What this means is that we’ll be looking at a situation where loans converting to the current version of SOFR will trade at a discount to new paper with a more dynamic economic spread. That’s not something that might happen, that’s something that will happen.

So, we should try and fix this now, right?  Representatives of the ARRC have said pretty clearly that it can’t be done and more recently have said that the resistance of the borrower community will prevent any re-introduction of a credit risk component into our loan documents.  Huh?  Done deal?  They’re in charge?  Everyone lived with the credit-sensitive LIBOR for 40 years and it seemed to work pretty well.  What’s wrong with actually replicating something that really did work?  What’s the compelling evidence of the unwillingness of borrower-side market participants to agree to actually replicate the economic consequences of LIBOR by adding a credit component into the new SOFR structure?  How bad can it be?  And, by the way, it’s conceivable that come the summer of 2023, these credit risk add-ons might actually be inside the 11 or 12 bps of the static SOFR adjustment and might that be an attraction to borrowers.  In any event, we won’t know if these nebulous borrower constituencies will win the day, unless we try.  The thought of adding another alternative to our already mind numbingly long and complex alternate rate mechanic is a tad daunting, but what else can we do?  The prudential regulators could give us some help here by embracing the inclusion of dynamic spread adjustment mechanic (which should, if you think about it, make a great deal more sense to the prudential regulators than a static adjustment).  Of course, it would be delightful if ARRC would step away from its dogged refusal to consider alternatives and bake more flexibility into the currently generally approved ARRC mechanic.  Will those things happen?  Maybe, but not without the industry pressing its case.  Our industry should re-engage with the ARRC and seriously discuss the applicability, reasonableness and robustness of some of these new alternate index add-ons.  We should consider adjusting our current ARRC transition language to make it at least possible to embrace a new dynamic rate add-on which might gain currency in our markets between now and the summer of 2023.  We should engage with the New York legislature and our gloriously elected representatives in Washington to make sure that whatever safe harbor for transitioning out of LIBOR gets passed, it does not mechanistically hamstring us by tying indemnification only to the use of the current version of SOFR.

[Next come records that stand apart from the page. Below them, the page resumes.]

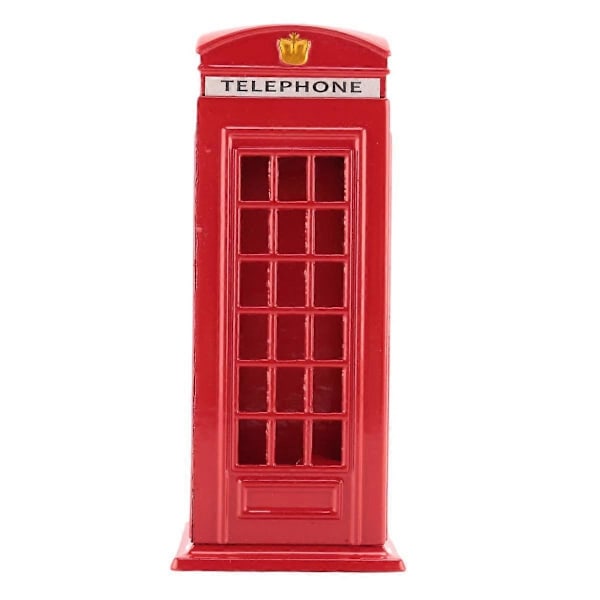 Metall Röd Brittisk Engelsk London Telefonkiosk Bank Myntbank Spargris Röd Telefonkiosk-WELLNGS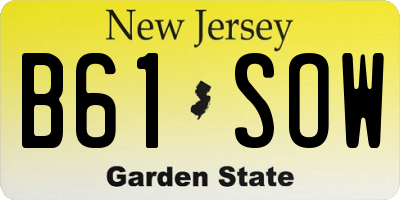 NJ license plate B61SOW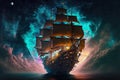 Fantasy pirate boat against galactic sky, ai generative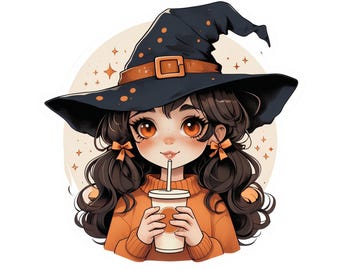 Cute Witch Girl Sticker | Cozy Fall Drink Halloween Designs | 3-Inch Vinyl Sticker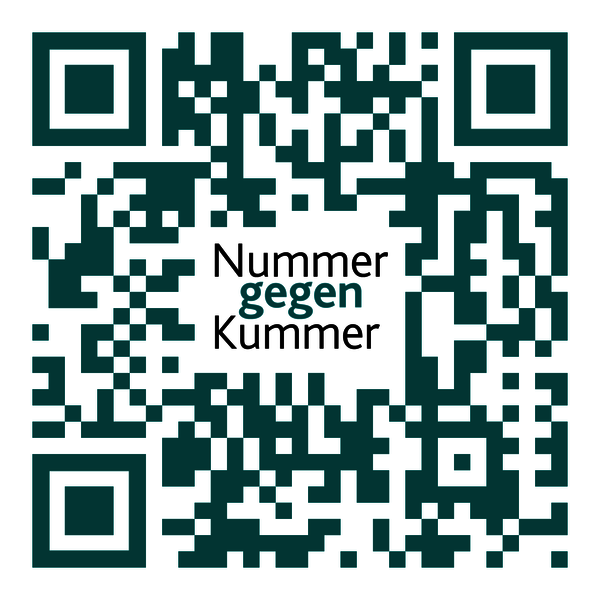 Angezeigt wird ein QR-Code, der auf die Webseite der "Nummer gegen Kummer" verweist.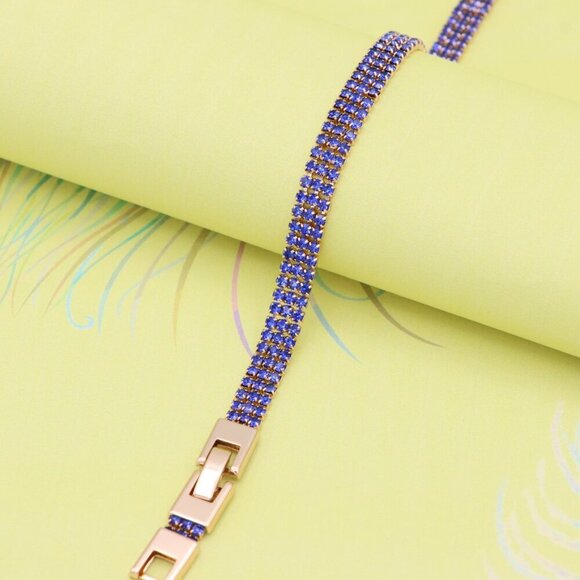 "Rose Gold Wide Bracelet with Blue Stones, XPBL0785 - Picture 1 of 12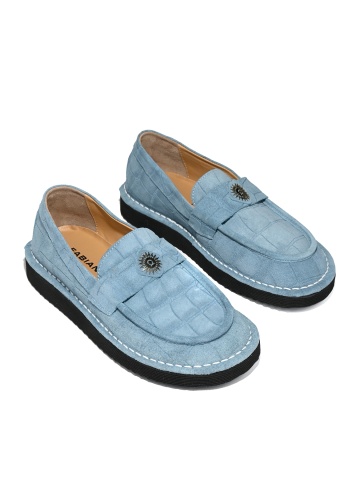 WOMEN'S MOCCASINS MADE OF NATURAL SUEDE WITH EFFECTIVE CROCODILE EMBOSSING AND LIGHTWEIGHT SOLE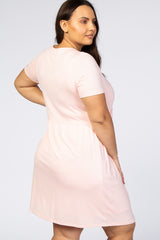 Light Pink Solid Crochet Trim Plus Shift Dress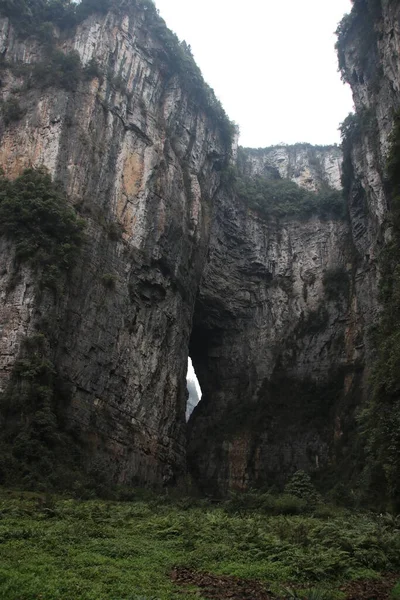 Wulong Karst Doğal Köprü Peri Dağı Furong Mağarası Longshuixia Gap — Stok fotoğraf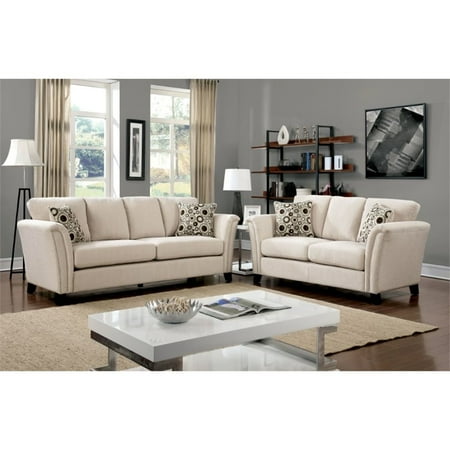 Furniture Of America Shirley Fabric 3 Piece Sofa Set In Ivory Furniture Of America Shirley Fabric 3 Piece Sofa Set In Ivory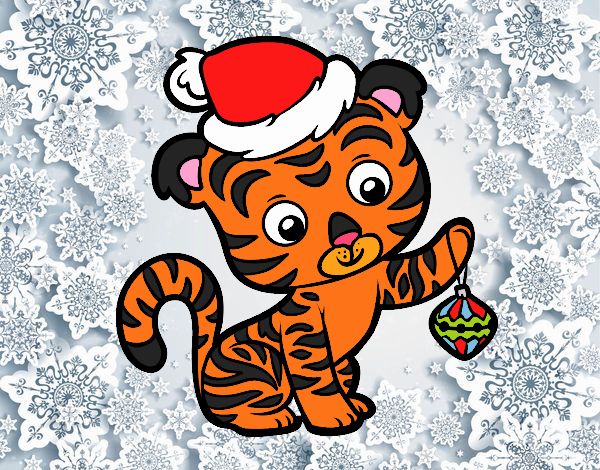 un tigre cualquiera con una bola de navidad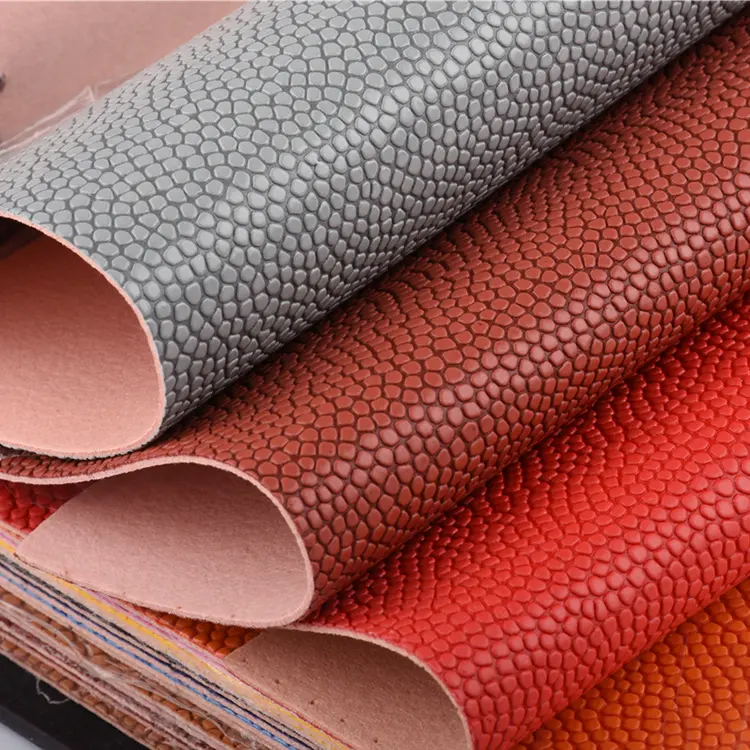 Colorful Wear-Resistant Pu Leather Material Non-Woven Basketball Leather Material Embossed Pattern Microfiber Fabric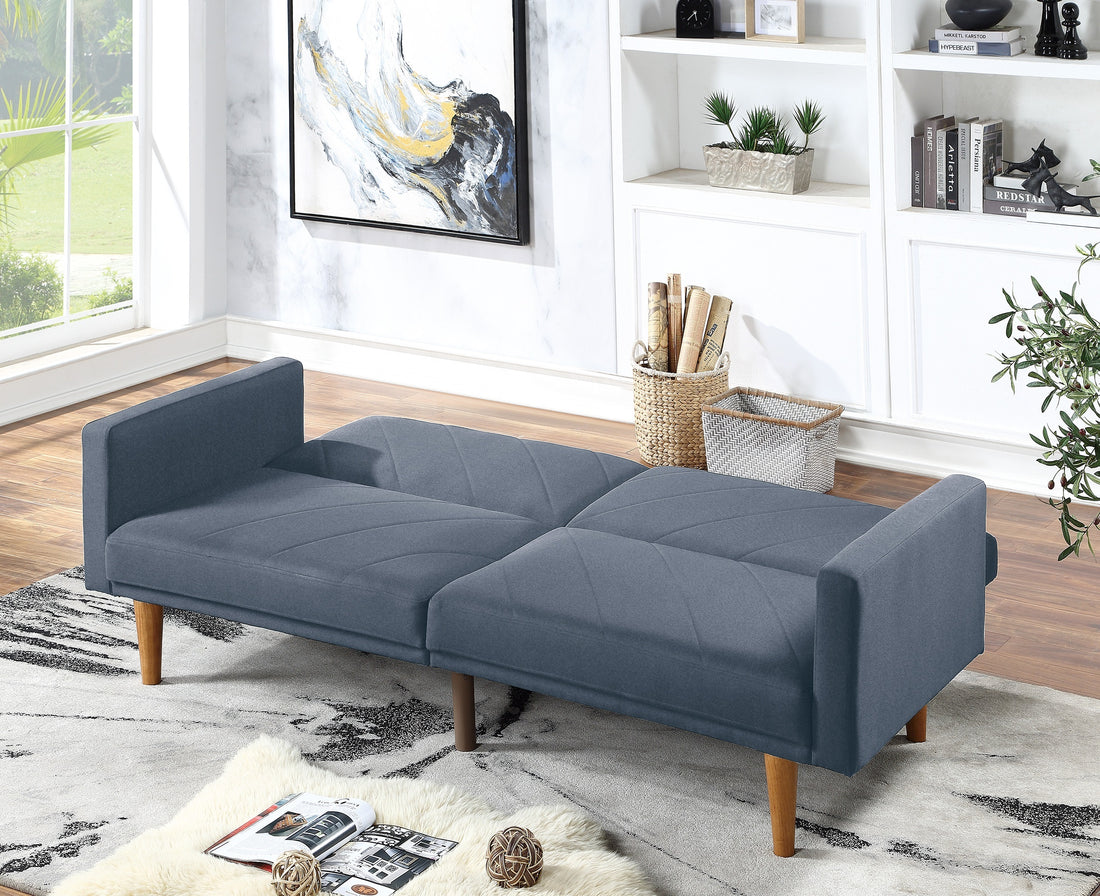 Modern Electric Look 1Pc Convertible Sofa Couch Navy Color Linen Like Fabric Cushion Wooden Legs Living Room Navy Primary Living Space Cushion Back Modern,Transitional Square Arms Fabric 2 Seat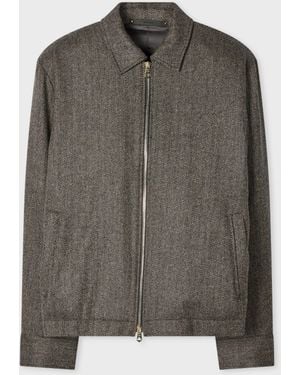Paul Smith Herringbone Wool-Cashmere Zip Jacket - Black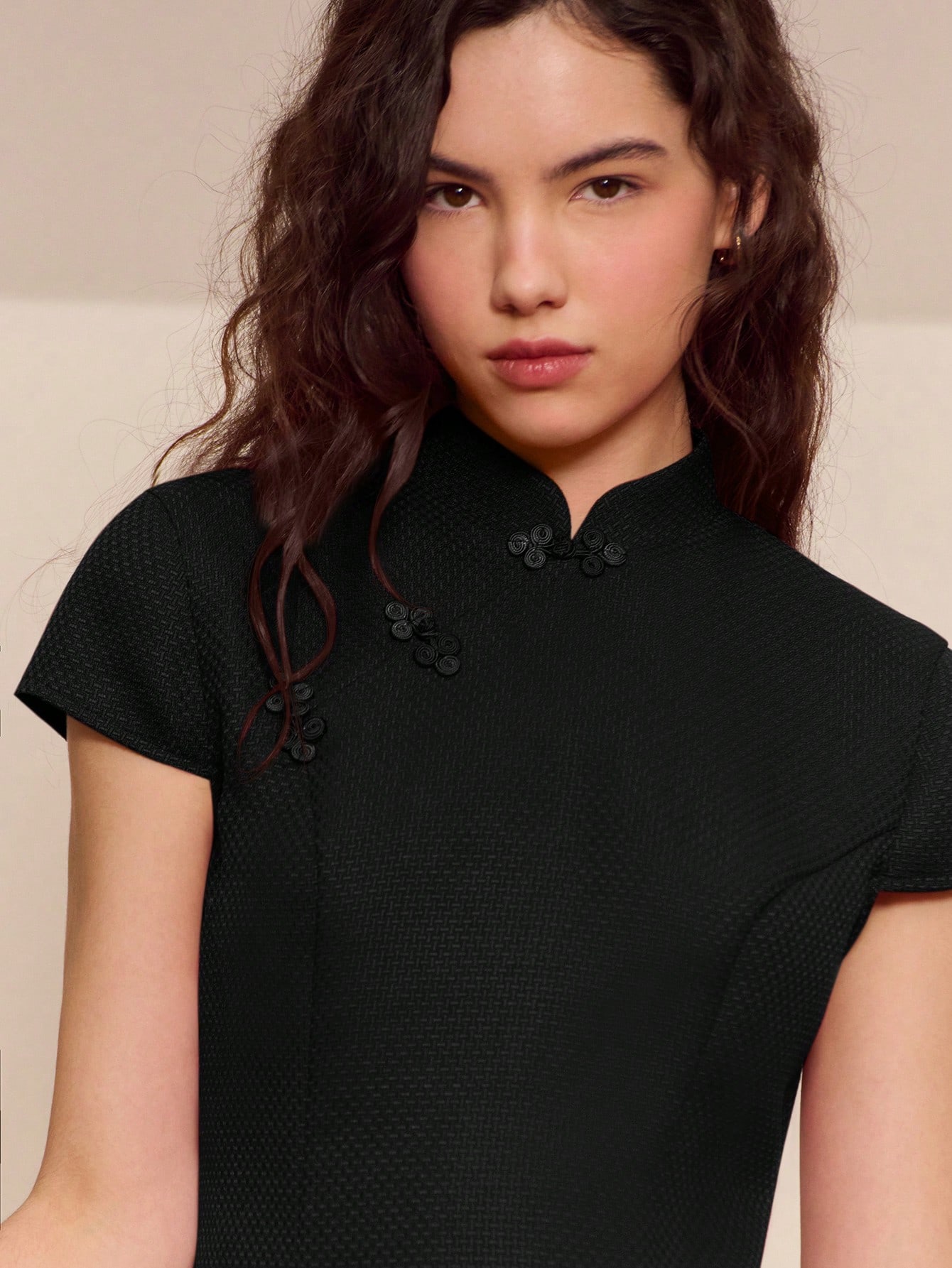 Elegant Chic Festive Black Tweed Mandarin Collar Mini Dress Oriental Dress Spring Summer Going Out Spring Summer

All this needs to get discussed.  The good news is that there is some light in the tunnel beyond the straightjacket of an un-credit responsive index rate.  While certainly everyone is tired of dealing with this issue and wrestling with its complexity, we need to get back into the big muddy and figure this all out.

So, when you’re tired of worrying about the pandemic and need something else to think about, I urge renewed consideration of the appropriate index for floating rate paper starting in a theatre (of the absurd) near you soon.